*** PROVIDED RECORDS Section Begins ***
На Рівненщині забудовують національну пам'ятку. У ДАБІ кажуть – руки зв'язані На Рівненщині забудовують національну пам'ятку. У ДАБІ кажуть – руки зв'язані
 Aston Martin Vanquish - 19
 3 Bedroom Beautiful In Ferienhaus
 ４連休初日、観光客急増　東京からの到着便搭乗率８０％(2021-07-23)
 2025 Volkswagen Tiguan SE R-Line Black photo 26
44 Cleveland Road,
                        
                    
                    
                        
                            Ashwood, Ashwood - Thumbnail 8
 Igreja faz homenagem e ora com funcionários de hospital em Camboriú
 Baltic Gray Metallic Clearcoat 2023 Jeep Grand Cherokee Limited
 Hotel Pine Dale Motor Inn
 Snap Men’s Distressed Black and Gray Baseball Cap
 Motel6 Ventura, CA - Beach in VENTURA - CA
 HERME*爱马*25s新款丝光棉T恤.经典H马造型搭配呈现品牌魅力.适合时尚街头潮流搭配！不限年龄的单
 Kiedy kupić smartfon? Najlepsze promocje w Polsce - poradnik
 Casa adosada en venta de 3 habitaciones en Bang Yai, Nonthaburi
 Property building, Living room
*** PROVIDED RECORDS Section Ends ***
TRY IT: The response must contain exactly the lines from the one with "Motel6 Ventura, CA - Beach in VENTURA - CA" to the end of the entries above, both included, and nothing more.

THE COMPLETED TASK:
 Motel6 Ventura, CA - Beach in VENTURA - CA
 HERME*爱马*25s新款丝光棉T恤.经典H马造型搭配呈现品牌魅力.适合时尚街头潮流搭配！不限年龄的单
 Kiedy kupić smartfon? Najlepsze promocje w Polsce - poradnik
 Casa adosada en venta de 3 habitaciones en Bang Yai, Nonthaburi
 Property building, Living room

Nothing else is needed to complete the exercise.